How to Temporarily Save and Restore the IFS Variable

shellvariable

How do I correctly run a few commands with an altered value of the IFS variable (to change the way field splitting works and how "$*" is handled), and then restore the original value of IFS?

I know I can do

(
    IFS='my value here'
    my-commands here
)

to localize the change of IFS to the sub-shell, but I don't really want to start a sub-shell, especially not if I need to change or set the values of variables that needs to be visible outside of the sub-shell.

I know I can use

saved_IFS=$IFS; IFS='my value here'
my-commands here
IFS=$saved_IFS

but that seems to not restore IFS correctly in the case that the original IFS was actually unset.

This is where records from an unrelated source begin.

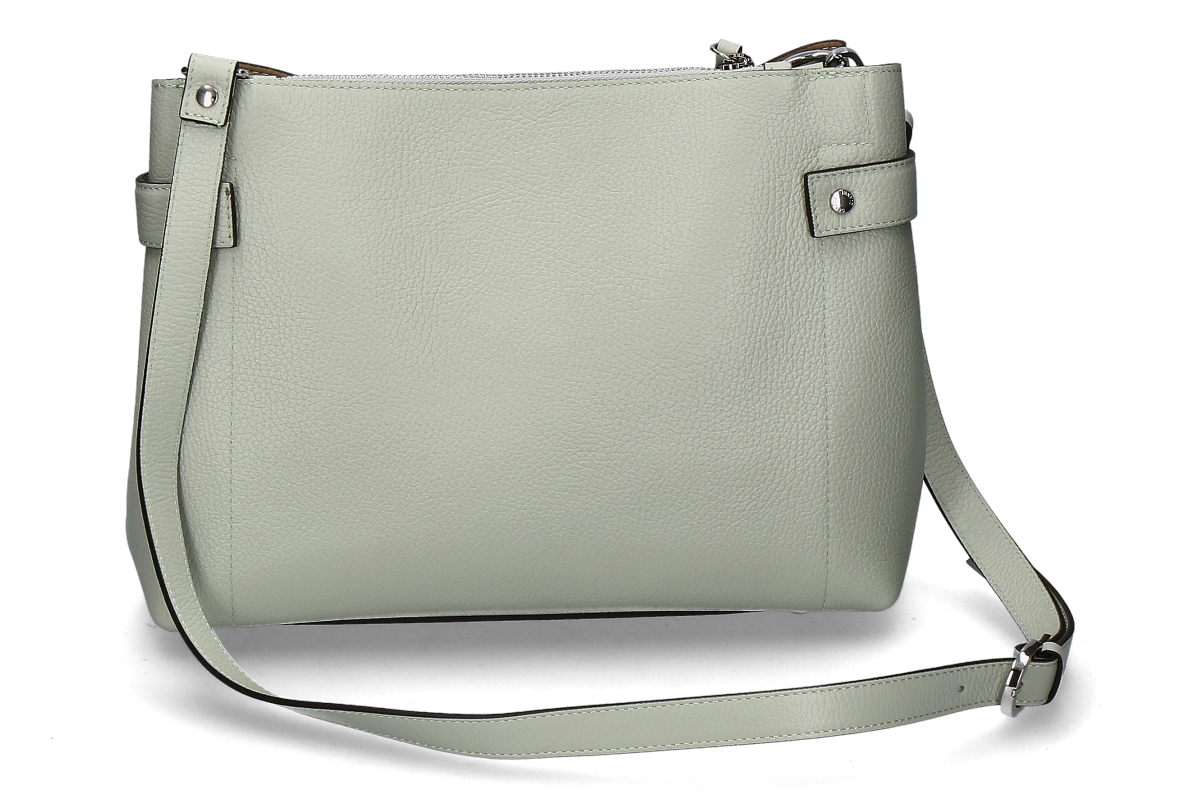 Gianni Notaro bucket bag- mare/ mint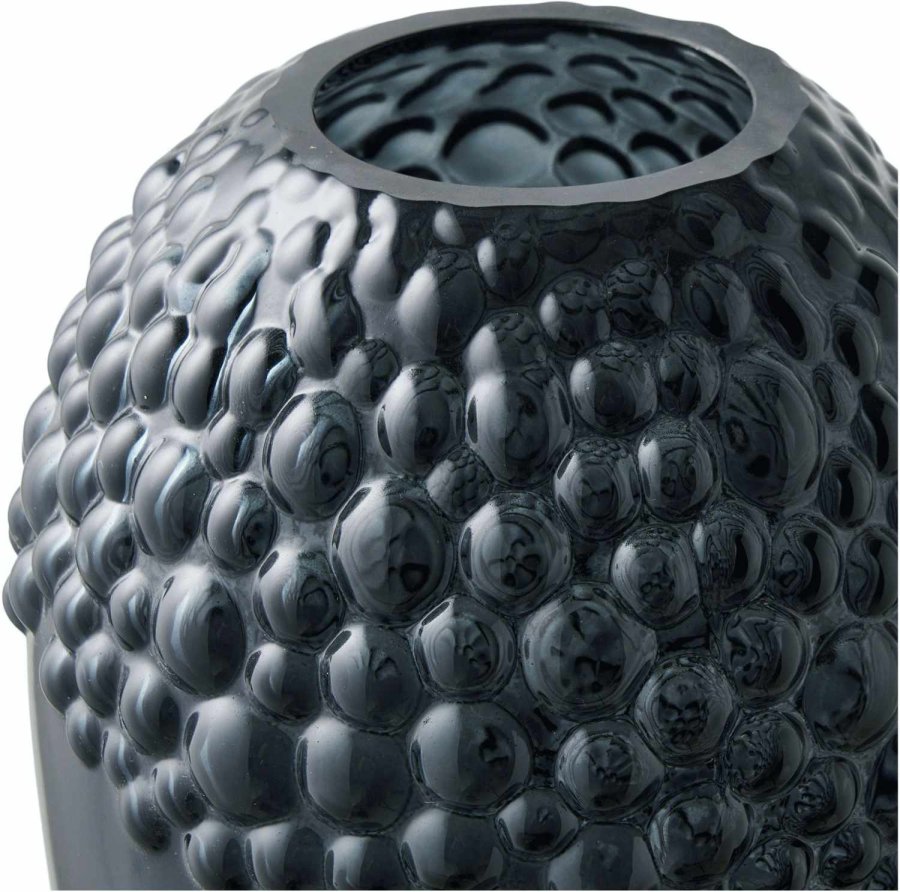 House Nordic Vase H25 cm, M�rkegr�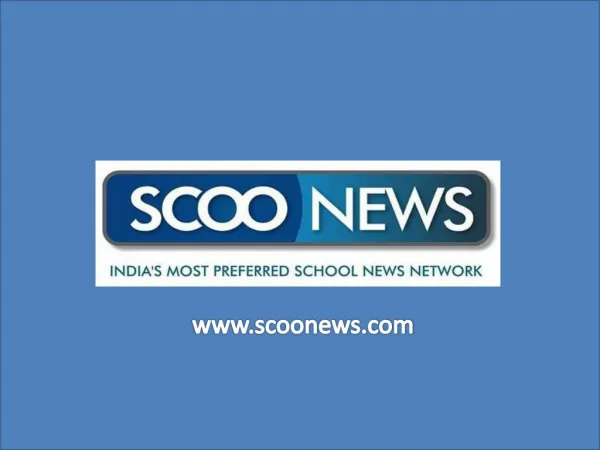 India's Most Preferred School News Network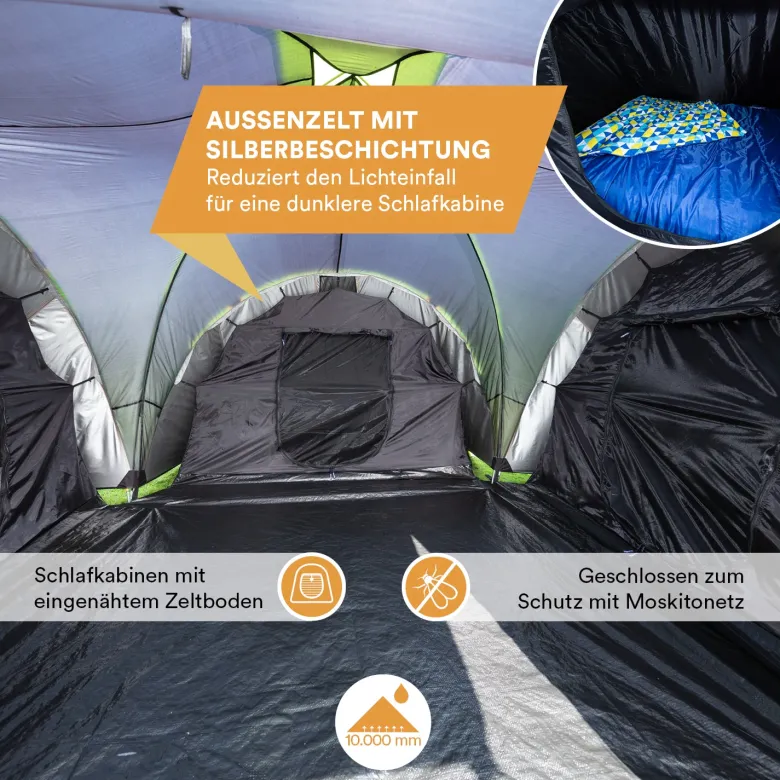 Skandika Daytona XXL koepeltent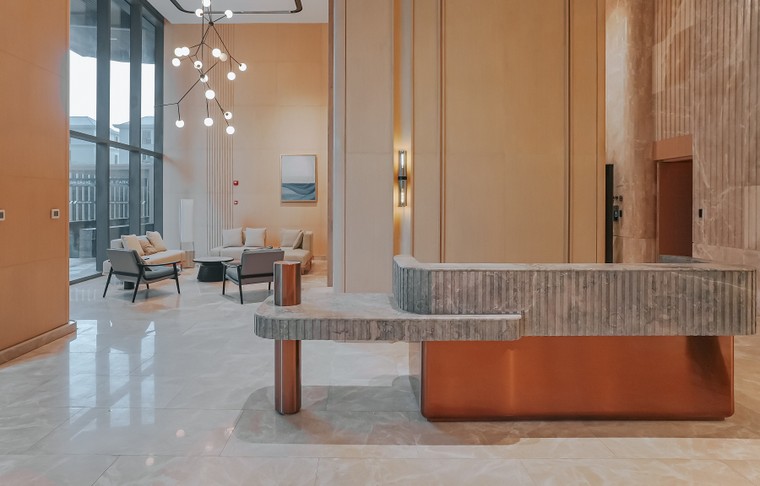 Khu căn hộ hàng hiệu Marriott sắp bàn giao đánh thức đất vàng trung tâm TP.HCM ảnh 2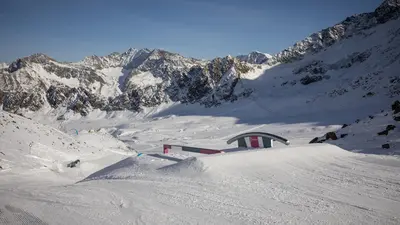 Snowpark Kaunertaler Gletscher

Looking for answers that are shell agnostic (but POSIX).

Clarification: That last line above means that I'm not interested in a bash-exclusive solution. In fact, the system I'm using most, OpenBSD, does not even come with bash installed at all by default, and bash is not a shell I use for anything much other than to answer questions on this site. It's much more interesting to see solutions that I may use in bash or other POSIX-like shells without making an effort to write non-portable code.

Best Answer

Yes, in the case when IFS is unset, restoring the value from $saved_IFS would actually set the value of IFS (to an empty value).

This would affect the way field splitting of unquoted expansions is done, it would affect field splitting for the read built-in utility, and it would affect the way the positional parameters are combined into a string when using "$*".

With an unset IFS these things would happen as if IFS had the value of a space, a tab character, and a newline character, but with an empty value, there would be no field splitting and the positional parameters would be concatenated into a string with no delimiter when using "$*". So, there's a difference.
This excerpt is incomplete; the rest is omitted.